Tuesday, April 14, 2020

BigData Hive Concepts

Hive Concepts

- Hive is a bigdata query language.
- SQL interface to Hadoop - Hive Query Language
- Hive is a data warehouse
- Schema on write - RDBMS -> create a table with 5 columns, you must insert 5 column data.
- Schema on read - Data warehouse -> create a table with 5 columns, you can insert 10 column data.
- The data warehouse does not support indexing & stored procedures but support views.


[cloudera@quickstart ~]$ hive

Logging initialized using configuration in file:/etc/hive/conf.dist/hive-log4j.properties
WARNING: Hive CLI is deprecated and migration to Beeline is recommended.
hive>
hive> show databases;
OK
default
jan2020
retail
Time taken: 0.679 seconds, Fetched: 3 row(s)

hive> create database feb2020;

hive> use feb2020;

hive> show tables;
OK
Time taken: 0.177 seconds

hive> create database mar2020;
OK
Time taken: 0.564 seconds
hive> use mar2020;
OK
Time taken: 0.02 seconds
hive> show tables;
OKTime taken: 0.139 seconds

create Table
hive> create table students_mar(
    > name string,
    > location string,
    > phone int,
    > course string)
    > row format delimited fields terminated by ',';
OK
Time taken: 0.101 seconds

insert data into Table or Load
hive> load data local inpath 'file:///home/cloudera/Desktop/Basha/Basha2019/HIVE_Practicals/students_hive.txt' into table students_mar;
Loading data to table mar2020.students_mar
Table mar2020.students_mar stats: [numFiles=1, totalSize=106]
OK
Time taken: 0.508 seconds

hive> select * from students_mar;
OK
John Banglore 12345 BiGData
Mike Hyderabad 112233 Java
Bob Delhi 11111 DataScience
Smith Mumbai 22222 DBA
Time taken: 0.051 seconds, Fetched: 4 row(s)

describe Table
hive> describe formatted students_mar;
OK
# col_name            data_type            comment             
 
name                string                                  
location            string                                                 
numFiles             1                   
totalSize            106                 
transient_lastDdlTime 15838
phone                int                                      
course              string                                  
 
# Detailed Table Information  
Database:            mar2020               
Owner:              cloudera             
CreateTime:          Mon Mar 09 18:49:18 PDT 2020  
LastAccessTime:      UNKNOWN               
Protect Mode:        None                 
Retention:          0                     
Location:            hdfs://quickstart.cloudera:8020/user/hive/warehouse/mar2020.db/students_mar  
Table Type:          MANAGED_TABLE         
Table Parameters:  
COLUMN_STATS_ACCURATE true 05314          
 
# Storage Information  
SerDe Library:      org.apache.hadoop.hive.serde2.lazy.LazySimpleSerDe  
InputFormat:        org.apache.hadoop.mapred.TextInputFormat  
OutputFormat:        org.apache.hadoop.hive.ql.io.HiveIgnoreKeyTextOutputFormat  
Compressed:          No                   
Num Buckets:        -1                   
Bucket Columns:      []                   
Sort Columns:        []                   
Storage Desc Params:  
field.delim          ,                   
serialization.format ,                   
Time taken: 0.344 seconds, Fetched: 33 row(s)

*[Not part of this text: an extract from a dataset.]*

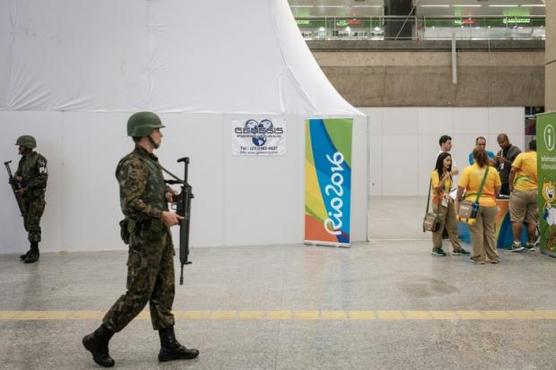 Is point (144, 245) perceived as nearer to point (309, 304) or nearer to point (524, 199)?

Hive folder structure in HDFS

[cloudera@quickstart ~]$ hdfs dfs -ls /user/hive/warehouse/
Found 4 items
drwxrwxrwx   - cloudera supergroup          0 2020-02-12 17:36 /user/hive/warehouse/feb2020.db
drwxrwxrwx   - cloudera supergroup          0 2020-01-21 10:24 /user/hive/warehouse/jan2020.db
drwxrwxrwx   - cloudera supergroup          0 2020-03-09 18:49 /user/hive/warehouse/mar2020.db
drwxrwxrwx   - cloudera supergroup          0 2020-02-01 09:49 /user/hive/warehouse/retail.db
[cloudera@quickstart ~]$ hdfs dfs -ls /user/hive/warehouse/mar2020.db
Found 1 items
drwxrwxrwx   - cloudera supergroup          0 2020-03-09 18:55 /user/hive/warehouse/mar2020.db/students_mar
[cloudera@quickstart ~]$ hdfs dfs -ls /user/hive/warehouse/mar2020.db/students_mar
Found 1 items
-rwxrwxrwx   1 cloudera supergroup        106 2020-03-09 18:55 /user/hive/warehouse/mar2020.db/students_mar/students_hive.txt

[cloudera@quickstart ~]$ 

Load the same file 2nd time

hive> load data local inpath 'file:///home/cloudera/Desktop/Basha/Basha2019/HIVE_Practicals/students_hive.txt' into table students_mar;
Loading data to table mar2020.students_mar
Table mar2020.students_mar stats: [numFiles=2, totalSize=212]

Data gets appended
hive> select * from students_mar;
OK
John Banglore 12345 BiGData
Mike Hyderabad 112233 Java
Bob Delhi 11111 DataScience
Smith Mumbai 22222 DBA
John Banglore 12345 BiGData
Mike Hyderabad 112233 Java
Bob Delhi 11111 DataScience
Smith Mumbai 22222 DBA
Time taken: 0.07 seconds, Fetched: 8 row(s)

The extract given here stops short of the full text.